### [Your objective]
Starting at the line that contains "L'Expulsion du Temple" in the listing below, write out every line word for word until you have written the line that contains "Sterling Silver Rhodium-plated".

### [Supplied records]
====

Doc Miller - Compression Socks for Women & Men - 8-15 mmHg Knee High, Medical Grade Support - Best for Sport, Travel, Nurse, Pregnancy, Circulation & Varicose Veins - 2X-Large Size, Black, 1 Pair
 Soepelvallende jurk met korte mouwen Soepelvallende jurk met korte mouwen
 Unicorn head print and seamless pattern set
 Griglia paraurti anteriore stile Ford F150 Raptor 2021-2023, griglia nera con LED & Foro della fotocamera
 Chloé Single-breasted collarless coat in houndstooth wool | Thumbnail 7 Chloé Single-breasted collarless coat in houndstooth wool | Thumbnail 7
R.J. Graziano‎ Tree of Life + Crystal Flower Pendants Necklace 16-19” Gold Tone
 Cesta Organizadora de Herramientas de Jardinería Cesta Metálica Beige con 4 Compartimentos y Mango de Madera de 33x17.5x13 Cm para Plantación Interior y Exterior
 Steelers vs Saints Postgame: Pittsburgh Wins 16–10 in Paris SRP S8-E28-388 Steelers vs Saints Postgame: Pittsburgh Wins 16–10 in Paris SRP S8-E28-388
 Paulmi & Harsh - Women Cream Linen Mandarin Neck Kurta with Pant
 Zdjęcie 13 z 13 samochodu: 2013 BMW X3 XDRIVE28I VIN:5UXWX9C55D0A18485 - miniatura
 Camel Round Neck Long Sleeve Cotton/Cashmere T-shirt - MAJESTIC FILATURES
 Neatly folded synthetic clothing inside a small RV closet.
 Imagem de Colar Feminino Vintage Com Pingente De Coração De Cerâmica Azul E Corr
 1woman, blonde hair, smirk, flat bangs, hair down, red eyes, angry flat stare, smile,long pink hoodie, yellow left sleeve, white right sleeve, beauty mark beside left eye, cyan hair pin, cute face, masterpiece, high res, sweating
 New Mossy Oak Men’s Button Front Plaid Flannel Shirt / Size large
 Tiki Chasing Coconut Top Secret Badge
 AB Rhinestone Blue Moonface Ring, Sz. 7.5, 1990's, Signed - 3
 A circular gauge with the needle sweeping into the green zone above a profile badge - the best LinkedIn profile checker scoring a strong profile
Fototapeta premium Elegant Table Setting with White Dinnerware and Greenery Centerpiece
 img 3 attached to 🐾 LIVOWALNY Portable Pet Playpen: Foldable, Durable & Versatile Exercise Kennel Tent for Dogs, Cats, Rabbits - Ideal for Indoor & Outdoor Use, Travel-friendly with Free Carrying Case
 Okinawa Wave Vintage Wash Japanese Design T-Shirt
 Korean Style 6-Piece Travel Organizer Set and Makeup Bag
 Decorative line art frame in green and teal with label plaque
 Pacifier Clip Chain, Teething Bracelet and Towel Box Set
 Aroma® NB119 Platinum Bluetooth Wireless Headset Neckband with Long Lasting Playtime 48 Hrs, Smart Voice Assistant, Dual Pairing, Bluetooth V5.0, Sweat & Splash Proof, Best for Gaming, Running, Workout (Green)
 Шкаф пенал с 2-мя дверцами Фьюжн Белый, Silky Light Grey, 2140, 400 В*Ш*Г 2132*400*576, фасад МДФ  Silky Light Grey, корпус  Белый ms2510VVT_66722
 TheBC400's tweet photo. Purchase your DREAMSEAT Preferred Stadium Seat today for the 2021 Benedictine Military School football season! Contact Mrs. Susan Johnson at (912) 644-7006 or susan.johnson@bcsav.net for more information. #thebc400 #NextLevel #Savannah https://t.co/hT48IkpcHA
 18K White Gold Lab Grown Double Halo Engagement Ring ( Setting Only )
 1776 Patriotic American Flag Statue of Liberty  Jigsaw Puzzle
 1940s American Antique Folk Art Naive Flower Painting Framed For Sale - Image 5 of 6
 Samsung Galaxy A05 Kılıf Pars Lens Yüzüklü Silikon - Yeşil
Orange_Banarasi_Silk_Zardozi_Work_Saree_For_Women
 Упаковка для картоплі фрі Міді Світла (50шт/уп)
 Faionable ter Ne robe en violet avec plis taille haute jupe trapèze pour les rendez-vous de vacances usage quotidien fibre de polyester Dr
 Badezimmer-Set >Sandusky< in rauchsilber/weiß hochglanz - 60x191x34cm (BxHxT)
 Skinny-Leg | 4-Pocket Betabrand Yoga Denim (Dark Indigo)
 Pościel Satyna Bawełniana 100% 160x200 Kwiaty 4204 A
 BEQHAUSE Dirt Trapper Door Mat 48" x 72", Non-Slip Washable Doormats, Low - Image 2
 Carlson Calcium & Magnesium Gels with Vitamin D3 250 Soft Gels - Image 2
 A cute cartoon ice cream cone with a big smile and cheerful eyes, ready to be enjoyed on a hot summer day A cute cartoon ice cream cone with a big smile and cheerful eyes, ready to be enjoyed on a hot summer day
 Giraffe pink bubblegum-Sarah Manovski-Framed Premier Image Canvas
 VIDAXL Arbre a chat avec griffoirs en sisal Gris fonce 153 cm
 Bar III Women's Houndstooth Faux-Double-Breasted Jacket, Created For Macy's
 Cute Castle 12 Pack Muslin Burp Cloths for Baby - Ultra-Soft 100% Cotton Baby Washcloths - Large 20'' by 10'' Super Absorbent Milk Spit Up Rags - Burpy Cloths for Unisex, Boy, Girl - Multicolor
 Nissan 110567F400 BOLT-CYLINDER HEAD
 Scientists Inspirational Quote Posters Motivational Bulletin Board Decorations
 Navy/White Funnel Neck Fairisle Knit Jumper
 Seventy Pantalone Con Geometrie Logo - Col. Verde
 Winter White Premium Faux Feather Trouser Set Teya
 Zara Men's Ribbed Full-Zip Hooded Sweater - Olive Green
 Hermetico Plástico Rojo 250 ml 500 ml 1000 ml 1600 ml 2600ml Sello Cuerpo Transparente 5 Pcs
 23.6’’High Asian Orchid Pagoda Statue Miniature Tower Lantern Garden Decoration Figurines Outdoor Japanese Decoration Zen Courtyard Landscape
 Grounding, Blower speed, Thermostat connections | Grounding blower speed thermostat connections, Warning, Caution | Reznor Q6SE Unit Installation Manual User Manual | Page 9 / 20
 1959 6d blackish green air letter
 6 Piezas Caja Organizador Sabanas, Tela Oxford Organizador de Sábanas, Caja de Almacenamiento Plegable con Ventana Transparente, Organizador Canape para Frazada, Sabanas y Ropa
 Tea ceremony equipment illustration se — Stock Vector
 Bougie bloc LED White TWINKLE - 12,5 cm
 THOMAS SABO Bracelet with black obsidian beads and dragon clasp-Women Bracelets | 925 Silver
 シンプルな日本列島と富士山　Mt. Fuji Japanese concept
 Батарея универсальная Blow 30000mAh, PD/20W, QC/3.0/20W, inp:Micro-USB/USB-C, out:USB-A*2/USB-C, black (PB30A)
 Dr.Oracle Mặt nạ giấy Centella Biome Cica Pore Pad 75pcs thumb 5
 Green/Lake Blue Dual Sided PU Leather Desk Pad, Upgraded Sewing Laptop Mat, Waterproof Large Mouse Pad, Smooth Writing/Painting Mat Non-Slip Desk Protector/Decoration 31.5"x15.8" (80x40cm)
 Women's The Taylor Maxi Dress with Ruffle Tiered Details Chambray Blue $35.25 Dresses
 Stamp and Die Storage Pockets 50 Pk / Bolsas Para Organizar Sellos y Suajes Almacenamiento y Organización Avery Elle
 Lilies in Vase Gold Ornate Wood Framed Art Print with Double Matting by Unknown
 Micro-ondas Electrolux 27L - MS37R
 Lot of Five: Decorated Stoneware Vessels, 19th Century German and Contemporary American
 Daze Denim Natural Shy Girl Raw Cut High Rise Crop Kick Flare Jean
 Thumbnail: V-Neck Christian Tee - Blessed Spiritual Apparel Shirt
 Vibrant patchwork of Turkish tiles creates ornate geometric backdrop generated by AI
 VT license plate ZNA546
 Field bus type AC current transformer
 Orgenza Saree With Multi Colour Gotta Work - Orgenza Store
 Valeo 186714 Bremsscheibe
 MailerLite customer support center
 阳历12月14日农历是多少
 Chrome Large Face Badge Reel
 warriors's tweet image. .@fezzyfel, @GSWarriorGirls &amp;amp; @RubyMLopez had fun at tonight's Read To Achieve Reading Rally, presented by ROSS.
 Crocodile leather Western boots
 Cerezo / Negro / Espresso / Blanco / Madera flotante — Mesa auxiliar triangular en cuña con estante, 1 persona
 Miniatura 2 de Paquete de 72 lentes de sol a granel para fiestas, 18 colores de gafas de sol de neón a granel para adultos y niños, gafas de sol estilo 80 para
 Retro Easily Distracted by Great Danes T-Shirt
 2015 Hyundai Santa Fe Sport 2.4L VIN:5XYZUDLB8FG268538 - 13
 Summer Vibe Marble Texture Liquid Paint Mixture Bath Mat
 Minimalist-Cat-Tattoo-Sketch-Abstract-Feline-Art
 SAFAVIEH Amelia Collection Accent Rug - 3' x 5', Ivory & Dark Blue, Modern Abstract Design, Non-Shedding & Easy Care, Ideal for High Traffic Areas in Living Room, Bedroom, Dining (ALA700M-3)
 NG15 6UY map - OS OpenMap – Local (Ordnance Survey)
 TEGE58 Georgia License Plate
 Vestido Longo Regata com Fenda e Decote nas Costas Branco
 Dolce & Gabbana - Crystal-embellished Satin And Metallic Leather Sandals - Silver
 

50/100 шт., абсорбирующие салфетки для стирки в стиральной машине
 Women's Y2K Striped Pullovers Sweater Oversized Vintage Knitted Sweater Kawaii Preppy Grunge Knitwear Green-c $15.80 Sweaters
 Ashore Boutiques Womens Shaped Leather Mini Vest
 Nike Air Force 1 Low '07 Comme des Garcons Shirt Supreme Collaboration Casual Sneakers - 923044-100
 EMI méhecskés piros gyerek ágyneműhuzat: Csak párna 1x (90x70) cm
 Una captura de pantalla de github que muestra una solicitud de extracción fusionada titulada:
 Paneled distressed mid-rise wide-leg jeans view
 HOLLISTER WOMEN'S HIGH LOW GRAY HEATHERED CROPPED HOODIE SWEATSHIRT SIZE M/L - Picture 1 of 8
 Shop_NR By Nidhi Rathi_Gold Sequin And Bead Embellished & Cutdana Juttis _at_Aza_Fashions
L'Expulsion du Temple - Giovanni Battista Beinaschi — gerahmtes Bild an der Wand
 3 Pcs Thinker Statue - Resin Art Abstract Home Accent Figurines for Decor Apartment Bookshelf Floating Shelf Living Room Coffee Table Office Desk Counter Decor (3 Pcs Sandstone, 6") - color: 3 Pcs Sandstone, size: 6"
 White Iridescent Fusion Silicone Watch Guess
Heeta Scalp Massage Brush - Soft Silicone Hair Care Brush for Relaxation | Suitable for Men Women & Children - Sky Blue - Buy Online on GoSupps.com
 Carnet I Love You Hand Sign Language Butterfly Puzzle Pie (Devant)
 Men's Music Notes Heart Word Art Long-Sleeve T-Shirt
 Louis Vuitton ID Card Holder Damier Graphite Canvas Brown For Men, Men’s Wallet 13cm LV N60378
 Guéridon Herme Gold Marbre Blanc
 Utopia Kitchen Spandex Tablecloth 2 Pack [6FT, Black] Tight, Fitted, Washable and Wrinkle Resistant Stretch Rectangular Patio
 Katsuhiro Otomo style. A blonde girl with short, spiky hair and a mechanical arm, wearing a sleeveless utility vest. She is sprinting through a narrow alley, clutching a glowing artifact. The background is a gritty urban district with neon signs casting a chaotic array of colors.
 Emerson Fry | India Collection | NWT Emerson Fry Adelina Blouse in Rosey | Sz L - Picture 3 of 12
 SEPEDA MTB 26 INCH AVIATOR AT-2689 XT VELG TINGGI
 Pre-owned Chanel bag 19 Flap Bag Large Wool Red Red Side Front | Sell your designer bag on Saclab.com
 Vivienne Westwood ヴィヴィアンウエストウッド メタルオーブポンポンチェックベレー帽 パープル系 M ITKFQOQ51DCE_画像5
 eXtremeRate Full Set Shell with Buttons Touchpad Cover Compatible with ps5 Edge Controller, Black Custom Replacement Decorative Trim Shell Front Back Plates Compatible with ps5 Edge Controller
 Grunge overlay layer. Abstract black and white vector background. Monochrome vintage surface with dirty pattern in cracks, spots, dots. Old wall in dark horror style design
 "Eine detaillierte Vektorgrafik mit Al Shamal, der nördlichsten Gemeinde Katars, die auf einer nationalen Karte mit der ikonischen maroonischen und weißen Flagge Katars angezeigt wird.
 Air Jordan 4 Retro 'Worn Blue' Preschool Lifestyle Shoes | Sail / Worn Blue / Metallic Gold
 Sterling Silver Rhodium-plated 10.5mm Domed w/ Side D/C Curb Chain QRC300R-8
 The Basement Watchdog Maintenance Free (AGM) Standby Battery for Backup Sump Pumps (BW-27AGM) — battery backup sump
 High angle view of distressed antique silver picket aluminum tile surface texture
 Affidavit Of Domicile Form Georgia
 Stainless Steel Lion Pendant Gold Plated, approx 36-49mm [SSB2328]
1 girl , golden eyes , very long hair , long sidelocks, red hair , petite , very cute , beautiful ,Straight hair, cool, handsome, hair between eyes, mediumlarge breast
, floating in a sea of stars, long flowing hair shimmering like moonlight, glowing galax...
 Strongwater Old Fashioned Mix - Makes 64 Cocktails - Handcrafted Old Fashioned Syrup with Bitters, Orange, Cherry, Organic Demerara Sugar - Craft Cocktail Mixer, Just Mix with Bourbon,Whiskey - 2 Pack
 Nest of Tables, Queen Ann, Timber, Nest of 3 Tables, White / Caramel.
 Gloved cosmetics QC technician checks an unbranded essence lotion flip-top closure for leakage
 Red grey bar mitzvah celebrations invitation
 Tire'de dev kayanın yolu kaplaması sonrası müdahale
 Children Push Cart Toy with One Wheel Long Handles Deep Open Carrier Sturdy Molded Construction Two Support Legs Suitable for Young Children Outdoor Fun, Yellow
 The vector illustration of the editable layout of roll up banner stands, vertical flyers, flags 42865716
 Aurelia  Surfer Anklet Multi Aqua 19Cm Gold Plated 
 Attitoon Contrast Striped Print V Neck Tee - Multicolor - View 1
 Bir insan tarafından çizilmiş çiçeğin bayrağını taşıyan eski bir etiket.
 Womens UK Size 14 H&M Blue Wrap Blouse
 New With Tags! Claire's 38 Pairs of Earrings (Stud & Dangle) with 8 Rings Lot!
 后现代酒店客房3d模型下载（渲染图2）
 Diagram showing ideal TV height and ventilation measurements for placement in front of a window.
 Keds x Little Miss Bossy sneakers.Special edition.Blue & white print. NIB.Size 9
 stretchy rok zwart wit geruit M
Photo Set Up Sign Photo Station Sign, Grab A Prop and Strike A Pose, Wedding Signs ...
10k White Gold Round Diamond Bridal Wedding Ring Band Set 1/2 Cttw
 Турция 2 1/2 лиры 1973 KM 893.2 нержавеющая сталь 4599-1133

====

### [Output for this task]
L'Expulsion du Temple - Giovanni Battista Beinaschi — gerahmtes Bild an der Wand
 3 Pcs Thinker Statue - Resin Art Abstract Home Accent Figurines for Decor Apartment Bookshelf Floating Shelf Living Room Coffee Table Office Desk Counter Decor (3 Pcs Sandstone, 6") - color: 3 Pcs Sandstone, size: 6"
 White Iridescent Fusion Silicone Watch Guess
Heeta Scalp Massage Brush - Soft Silicone Hair Care Brush for Relaxation | Suitable for Men Women & Children - Sky Blue - Buy Online on GoSupps.com
 Carnet I Love You Hand Sign Language Butterfly Puzzle Pie (Devant)
 Men's Music Notes Heart Word Art Long-Sleeve T-Shirt
 Louis Vuitton ID Card Holder Damier Graphite Canvas Brown For Men, Men’s Wallet 13cm LV N60378
 Guéridon Herme Gold Marbre Blanc
 Utopia Kitchen Spandex Tablecloth 2 Pack [6FT, Black] Tight, Fitted, Washable and Wrinkle Resistant Stretch Rectangular Patio
 Katsuhiro Otomo style. A blonde girl with short, spiky hair and a mechanical arm, wearing a sleeveless utility vest. She is sprinting through a narrow alley, clutching a glowing artifact. The background is a gritty urban district with neon signs casting a chaotic array of colors.
 Emerson Fry | India Collection | NWT Emerson Fry Adelina Blouse in Rosey | Sz L - Picture 3 of 12
 SEPEDA MTB 26 INCH AVIATOR AT-2689 XT VELG TINGGI
 Pre-owned Chanel bag 19 Flap Bag Large Wool Red Red Side Front | Sell your designer bag on Saclab.com
 Vivienne Westwood ヴィヴィアンウエストウッド メタルオーブポンポンチェックベレー帽 パープル系 M ITKFQOQ51DCE_画像5
 eXtremeRate Full Set Shell with Buttons Touchpad Cover Compatible with ps5 Edge Controller, Black Custom Replacement Decorative Trim Shell Front Back Plates Compatible with ps5 Edge Controller
 Grunge overlay layer. Abstract black and white vector background. Monochrome vintage surface with dirty pattern in cracks, spots, dots. Old wall in dark horror style design
 "Eine detaillierte Vektorgrafik mit Al Shamal, der nördlichsten Gemeinde Katars, die auf einer nationalen Karte mit der ikonischen maroonischen und weißen Flagge Katars angezeigt wird.
 Air Jordan 4 Retro 'Worn Blue' Preschool Lifestyle Shoes | Sail / Worn Blue / Metallic Gold
 Sterling Silver Rhodium-plated 10.5mm Domed w/ Side D/C Curb Chain QRC300R-8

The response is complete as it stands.